Harmon Craig (1926-2003) contributed significantly and fundamentally to solving a broad range of geochemical problems which bear directly on our
understanding of the earth upon which we live, its origins and its response to anthropogenic changes.
He is singularly innovative in the use of isotopes in every area of geochemistry from meteorite studies through earth mantle processes influencing oceanography, atmospheric sciences, hydrology and glaciology.
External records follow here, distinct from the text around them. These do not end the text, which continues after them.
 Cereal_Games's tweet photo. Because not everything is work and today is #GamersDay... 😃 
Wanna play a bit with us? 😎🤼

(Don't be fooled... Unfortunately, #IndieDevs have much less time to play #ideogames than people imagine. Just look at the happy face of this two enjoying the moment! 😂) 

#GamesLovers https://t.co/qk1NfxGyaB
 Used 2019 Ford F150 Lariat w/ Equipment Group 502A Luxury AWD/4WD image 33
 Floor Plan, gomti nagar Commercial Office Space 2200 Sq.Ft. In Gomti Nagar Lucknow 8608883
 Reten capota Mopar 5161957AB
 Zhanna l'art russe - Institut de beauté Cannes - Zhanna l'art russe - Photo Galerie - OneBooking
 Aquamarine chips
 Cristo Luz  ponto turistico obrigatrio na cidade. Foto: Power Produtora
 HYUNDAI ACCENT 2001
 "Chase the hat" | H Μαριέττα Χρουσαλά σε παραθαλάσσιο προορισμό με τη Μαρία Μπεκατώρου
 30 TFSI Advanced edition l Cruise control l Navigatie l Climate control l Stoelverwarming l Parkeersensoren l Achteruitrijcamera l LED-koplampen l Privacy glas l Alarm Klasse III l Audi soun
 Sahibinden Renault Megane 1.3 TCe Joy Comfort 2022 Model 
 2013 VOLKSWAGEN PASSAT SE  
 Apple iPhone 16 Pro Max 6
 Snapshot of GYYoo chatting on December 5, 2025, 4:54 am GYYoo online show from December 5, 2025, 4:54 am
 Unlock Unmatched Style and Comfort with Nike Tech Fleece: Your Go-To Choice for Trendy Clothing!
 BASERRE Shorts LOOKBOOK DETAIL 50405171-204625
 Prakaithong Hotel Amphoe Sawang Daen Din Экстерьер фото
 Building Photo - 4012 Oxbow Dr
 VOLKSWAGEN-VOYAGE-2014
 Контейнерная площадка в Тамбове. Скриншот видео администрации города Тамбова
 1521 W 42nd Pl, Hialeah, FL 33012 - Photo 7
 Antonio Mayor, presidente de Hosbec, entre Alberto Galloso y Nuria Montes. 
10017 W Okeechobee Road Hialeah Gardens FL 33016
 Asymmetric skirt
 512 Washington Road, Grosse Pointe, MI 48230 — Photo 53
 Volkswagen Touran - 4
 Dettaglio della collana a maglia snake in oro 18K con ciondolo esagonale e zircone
As the father of the field of carbon isotope geochemistry he was the first to characterise the distribution of stable carbon isotopes in nature and also to quantify the atmospheric lifetime of carbon dioxide with respect to exchange with the sea, a parameter which is of crucial importance to all modern modelling of the effects of anthropogenic carbon dioxide on climate.
He was one of the pioneers of the systematic classification of meteorites according to their chemical composition and the co-originator of the Urey-Craig meteorite classifications, As one of the founders of stable isotope studies of water in the meteoric cycle he established fundamental relationships between temperature and stable isotopic composition which today form the basis for the study of paleoclimatology using stable isotopes in polar ice cores.

In marine geochemistry Harmon Craig was one of the initiators of the GEOSECS program, the first combined study of chemical tracers and hydrography in the word’s major oceans, which today provides an important benchmark for the study of global change and anthropogenic impacts on the oceans, In this area of research he did original work on the geochemical cycling of carbon, oxygen, and nutrients in the deep sea, on the scavenging of heavy metals therein, and on geochemical techniques to determine primary production rates in open ocean surface waters. Furthermore, he was a co-discoverer of the deep sea helium-3 isotope anomaly at seafloor spreading centres, but also at volcanic hot spots, rift zones and subduction volcanism.

In atmospheric geochemistry he was one of the first to study the composition of atmospheric gases frapped in glacier ice, and to determine that methane has roughly doubled due to anthropogenic activities. He has also made major contributions to the study of atmospheric nitrous oxide, the natural modulator of the earth’s ozone layer.
A common theme in his work is the combination of imagination, a strong commitment to field work and laboratory measurements of the highest standard, and a formidable thoroughness in the interpretation of the resulting data. Over the years, he has mentored a remarkable group of graduate and postdoctoral students who have become distinguished scientific leaders at a number of institutions around the world.